Worst Practices - Not Using Primary Keys and Clustered Indexes

  • Hi all,

    So often we confuse logical requirements with those of physical design.

    I firmly believe that in logical design, every table must have a primary key. But that does not mean we are required to declare one in the physical structure.

    While the logical design must have a PK, there are any number of ways to assert it physically. Certainly the unique index resulting from a primary key declaration is the one we most commonly use, but the same thing can be accomplished with a trigger, DML discipline, and perhaps other ways.

    Case in point, consider a table limited by design to one row. Need that table have a unique index on the PK? Or consider a temp table that is a subset of another table with a PK--need we have a unique index on that? Or consider in-memory arrays: how many times do we see physical PK's implemented on tables of that sort? Seldom, I say. Instead, we rely on the devices of good programming practice to make sure the rows are uniquely addressable.

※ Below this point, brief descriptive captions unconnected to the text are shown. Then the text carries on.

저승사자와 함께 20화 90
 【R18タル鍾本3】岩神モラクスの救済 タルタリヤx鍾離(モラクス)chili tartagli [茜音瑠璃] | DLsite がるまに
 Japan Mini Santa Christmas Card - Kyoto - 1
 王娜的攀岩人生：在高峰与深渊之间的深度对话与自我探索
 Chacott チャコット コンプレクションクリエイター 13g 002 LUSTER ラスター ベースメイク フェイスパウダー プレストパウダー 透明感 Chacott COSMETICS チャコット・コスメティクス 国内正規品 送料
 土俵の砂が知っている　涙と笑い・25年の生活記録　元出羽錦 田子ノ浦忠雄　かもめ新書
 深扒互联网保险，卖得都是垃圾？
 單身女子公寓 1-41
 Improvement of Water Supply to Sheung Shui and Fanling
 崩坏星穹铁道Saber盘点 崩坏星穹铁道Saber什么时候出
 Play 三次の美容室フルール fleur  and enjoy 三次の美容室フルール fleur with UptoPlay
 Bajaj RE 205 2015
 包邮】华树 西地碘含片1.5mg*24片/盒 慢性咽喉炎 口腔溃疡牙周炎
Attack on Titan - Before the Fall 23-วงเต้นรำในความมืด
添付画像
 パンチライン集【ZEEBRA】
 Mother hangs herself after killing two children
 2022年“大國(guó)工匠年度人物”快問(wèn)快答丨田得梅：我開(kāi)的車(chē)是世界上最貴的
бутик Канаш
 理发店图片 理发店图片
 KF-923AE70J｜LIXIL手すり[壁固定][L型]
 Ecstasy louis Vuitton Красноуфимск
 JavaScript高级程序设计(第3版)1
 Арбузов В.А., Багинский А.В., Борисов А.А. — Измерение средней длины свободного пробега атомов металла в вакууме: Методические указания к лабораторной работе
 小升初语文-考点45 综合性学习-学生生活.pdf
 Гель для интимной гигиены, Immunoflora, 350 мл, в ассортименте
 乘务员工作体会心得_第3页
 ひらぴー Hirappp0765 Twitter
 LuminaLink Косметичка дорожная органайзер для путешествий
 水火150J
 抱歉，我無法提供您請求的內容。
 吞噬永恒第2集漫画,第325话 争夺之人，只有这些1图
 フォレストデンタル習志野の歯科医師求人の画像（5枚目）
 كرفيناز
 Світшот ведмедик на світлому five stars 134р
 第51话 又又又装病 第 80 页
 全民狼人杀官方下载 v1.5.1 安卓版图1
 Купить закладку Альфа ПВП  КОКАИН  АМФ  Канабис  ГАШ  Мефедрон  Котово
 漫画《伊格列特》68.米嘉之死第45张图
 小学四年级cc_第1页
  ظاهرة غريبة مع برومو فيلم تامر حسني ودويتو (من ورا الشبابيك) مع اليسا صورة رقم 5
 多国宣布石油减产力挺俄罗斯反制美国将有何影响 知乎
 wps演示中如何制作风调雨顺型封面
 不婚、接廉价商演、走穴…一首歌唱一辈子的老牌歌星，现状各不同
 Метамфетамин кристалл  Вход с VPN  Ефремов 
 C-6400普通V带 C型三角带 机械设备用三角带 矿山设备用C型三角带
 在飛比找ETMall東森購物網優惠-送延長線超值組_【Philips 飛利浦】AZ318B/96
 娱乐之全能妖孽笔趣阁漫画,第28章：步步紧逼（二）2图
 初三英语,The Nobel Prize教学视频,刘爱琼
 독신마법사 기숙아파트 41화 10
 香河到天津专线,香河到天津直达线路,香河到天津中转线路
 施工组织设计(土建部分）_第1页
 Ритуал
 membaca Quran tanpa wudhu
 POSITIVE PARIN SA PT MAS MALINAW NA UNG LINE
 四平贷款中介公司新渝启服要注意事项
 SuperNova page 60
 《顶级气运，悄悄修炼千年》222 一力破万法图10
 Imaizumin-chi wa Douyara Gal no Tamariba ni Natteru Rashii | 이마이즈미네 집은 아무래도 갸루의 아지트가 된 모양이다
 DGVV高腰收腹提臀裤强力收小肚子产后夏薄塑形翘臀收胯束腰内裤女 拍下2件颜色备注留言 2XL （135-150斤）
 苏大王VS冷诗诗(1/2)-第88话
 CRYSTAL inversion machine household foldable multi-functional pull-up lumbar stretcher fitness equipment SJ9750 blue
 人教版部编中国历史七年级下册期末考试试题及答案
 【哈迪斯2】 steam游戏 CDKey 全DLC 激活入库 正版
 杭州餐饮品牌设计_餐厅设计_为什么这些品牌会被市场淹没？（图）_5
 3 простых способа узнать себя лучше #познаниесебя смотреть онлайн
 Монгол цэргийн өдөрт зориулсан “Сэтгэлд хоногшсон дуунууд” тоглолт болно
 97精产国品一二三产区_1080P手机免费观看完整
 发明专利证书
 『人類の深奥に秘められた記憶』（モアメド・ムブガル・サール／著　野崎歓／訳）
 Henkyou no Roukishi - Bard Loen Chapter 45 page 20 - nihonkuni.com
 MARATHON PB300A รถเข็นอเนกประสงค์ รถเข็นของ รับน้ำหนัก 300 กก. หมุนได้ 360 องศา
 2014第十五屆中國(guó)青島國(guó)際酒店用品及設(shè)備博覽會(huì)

    Now think about the opposite situation: a database that has an intrisic rowid that is capable of uniquely identifying every row quite aside from any other columns. That's roughly the equivilent to the knee-jerk approach of adding an identity column to every table. (Actually, SQL Server does not assert uniqueness on identity columns, but I digress). The point is, we still need a logical key that conveys business meaning and business uniqueness on such a table. And we need that even the physical design already provides a unique key of sorts.

    So, is not having a primary key a worst practice? In logical design, absolutely. In physical design, more often than not, a primary key is a good idea--but the worst practice would be to always create one regardless of the impacts or without an understanding of why it is needed.

    I don't regard a clustered index on every table to be a best practice, much less absent mindedly making it the primary key. I've seen some compelling arguments for clustered indexes on identity columns to minimize fragmentation, reduce page splits, and otherwise benefit performance. I contend those are strictly physical considerations and have marginal bearing on what the logical primary key should be and whether that column should comprise it.

  • INMHO the confusion comes from the clustered index term in SQL Server.

    In other DBMS's for example DB2 there is no concept of a primary clustered index because the primary key definition is synonymous with the primary clustering of the data pages (at least after each Re-Org).

    As to why you would choose to define a primary key to be anything but the natural data vector with highest select frequency and highest row selectivity is beyond me.

    However if there is no Majority search condition which is far above in frequency of execution and selectivity of data than the remainder of selects; for example Where many equally orthogonal search vectors are equally weighted, then there may be no benefit to add a identity as clustering index to the data. The data rows are likely to be an different pages (for any set of search or ordering vectors) and any clustering would add a small overhead which would show no efficiency improvement due to indexing on select. Many non-clustered (the term is misleading because the index itself is still internally clustered) indexes on each of these vectors could help if the data was not specifically volatile.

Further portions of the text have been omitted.